As a final note, a brief comment on an article by John Stazinski in the Jan/Feb 2012 issue of Poets and Writers: Stazinski, who teaches writing and literature at Quinsigamond Community College in Worcester, MA, and has published in several prime places, talks a bit about a fiction workshop conducted by Grub Street, an independent center for creative writing in Boston, that he thinks should be the wave of the future—a workshop that purports to teach fiction writing by workshopping novels rather than short stories—a task that many MFA programs steer away from because of the novel’s forbidding length.

Stazinzki says the Grub Street experiment raises some “uncomfortable questions” for MFA programs across the country, arguing that although the short story may be a “great pedagogical device for teaching certain aspects of fiction writing,” “no one dreams of writing the Great American Short Story Collection” and every MFA candidate knows that when publishers want fiction, they want a novel.

The difference between a novel and a short story, says Stazinski, is like the difference between a symphony and a country song. The difference between constructing a short story and a novel is like the difference between “building a rowboat and building a yacht.” He quotes approvingly William Giraldi’s essay in Rumpus, who says the novel is as different from a collection of stories “as a truck is from a tricycle.” Lord, how I hate these glib comparisons which consider only at the external size of the work and not the difference between their narrative ways of exploring what we so casually take to be “reality!”

Stazinzki concludes that the Grub Street folks at Boson may have found a whole new way for novelists to workshop. If this is true, if MFA programs begin teaching fiction writing by workshopping novels rather than short stories, there may indeed be important implications for the future of the short story. It is probably true that most of the writers devoting a great deal of time to the short story nowadays are MFA students, and it is often the case that their first books are collections of stories workshopped in MFA classes (books in which the writing was good enough for publishers to take a chance on if they promised that their second book would be a novel.) One of the basic differences between the novel and the short story is that the writing on the crucial sentence level is usually better in a short story than in the novel. What’s going to happen if MFA programs begin to focus more on the macrocosmic structure of the novel and ignore the microcosmic structure of the short story? More on this in the New Year.
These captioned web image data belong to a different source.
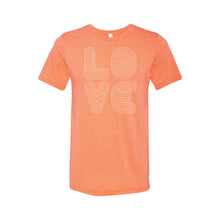 love lines t-shirt - orange - soft and spun apparel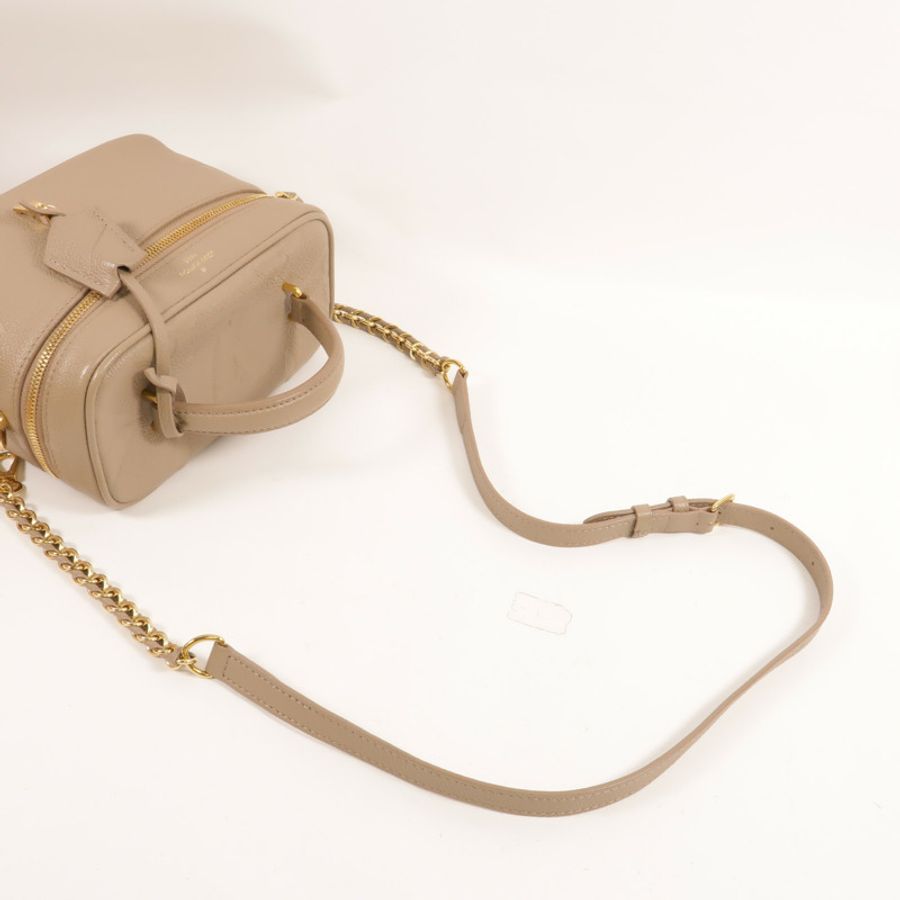 LOUIS VUITTON Monogram Empreinte Vanity PM金扣手挽肩背兩用袋-5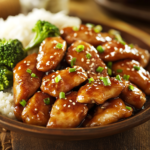 Sticky Honey Chicken 5 inesboulila A plate of Sticky Honey Chicken featuring tender go f2c6edfd 9dee 4797 8f05 a0872fb92762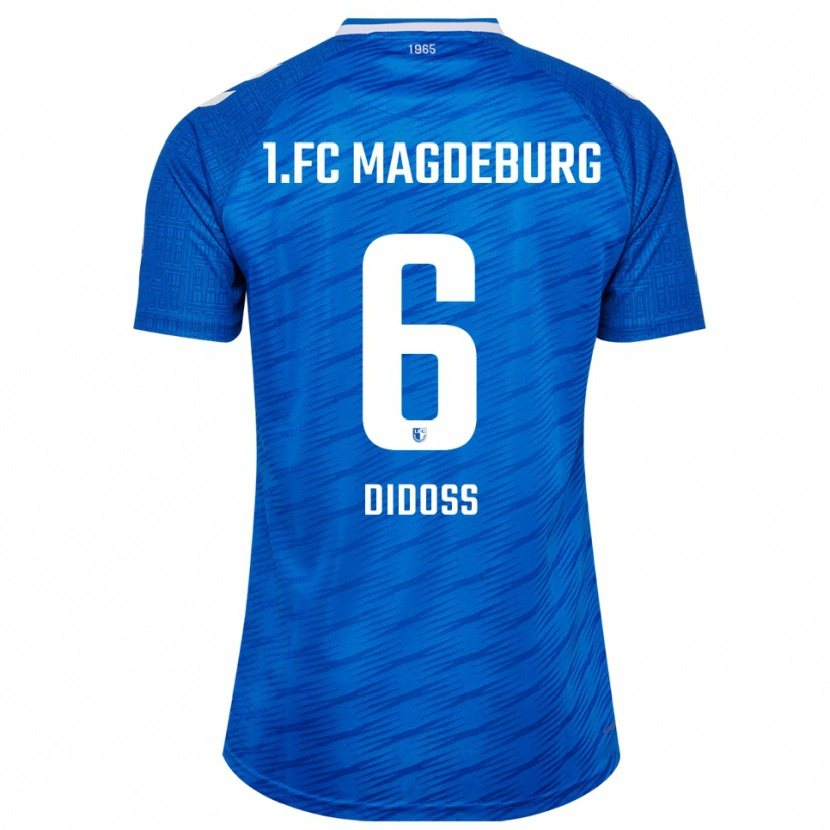 Danxen Hombre Camiseta Fadi Didoss #6 Azul Blanco 1ª Equipación 2025/26 La Camisa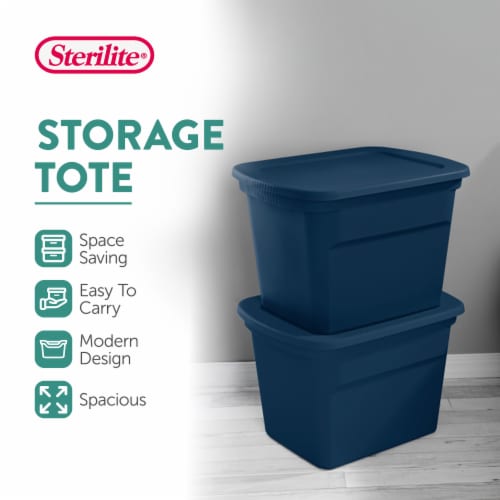 Sterilite Classic Lidded Stackable 30 Gal Storage Tote Container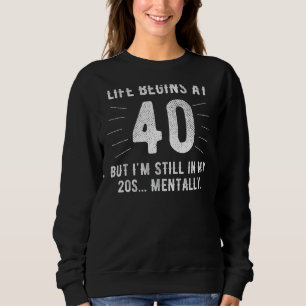 Sudadera 40.ª idea de cumpleaños mujeres de 40 años nacidas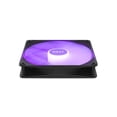 thumbnail image 5 of NZXT F140 RGB Core Fan - RF-C14DF-B1 - 140mm Hub-Mounted RGB Fan - Sublime RGB Lighting - PWM Control - Double, 140mm Case Fan - Black, 5 of 5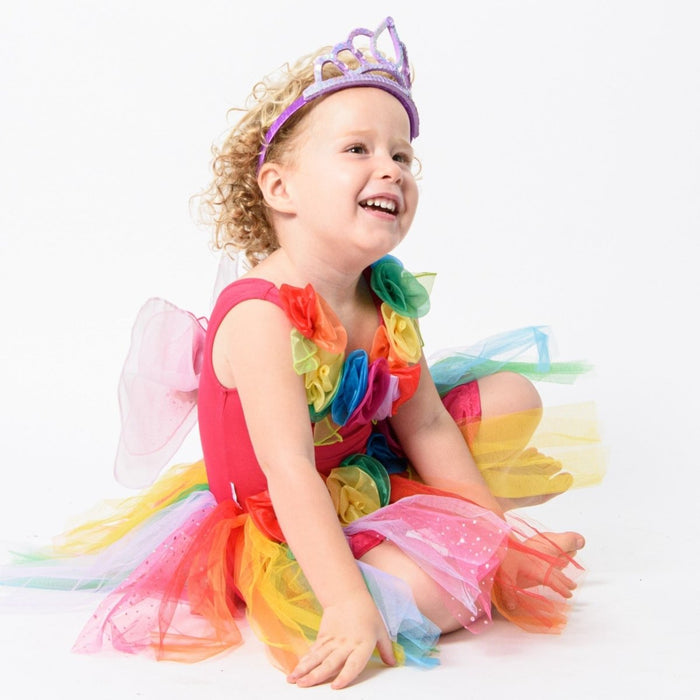Enchanting Fairy Dress Pastel - letsdressup.com.au - Girls Dress Ups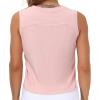 imageTHE GYM PEOPLE Womens Workout Tops in Ice Silk Quick Dry SleevelessPink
I apologize for neglecting this blog in the past few weeks. I have been reading a great deal, but reading in the relaxed atmosphere of my family—in an easy chair in front of a fire rather than hunched over my computer in my cold study. I will return to my more regular posting in January—commenting on what I have been reading, replying to the comments I have received about my planned new book, and responding to the poll of readers about a possible name for that book.

Have a wonderful holiday, whatever you celebrate!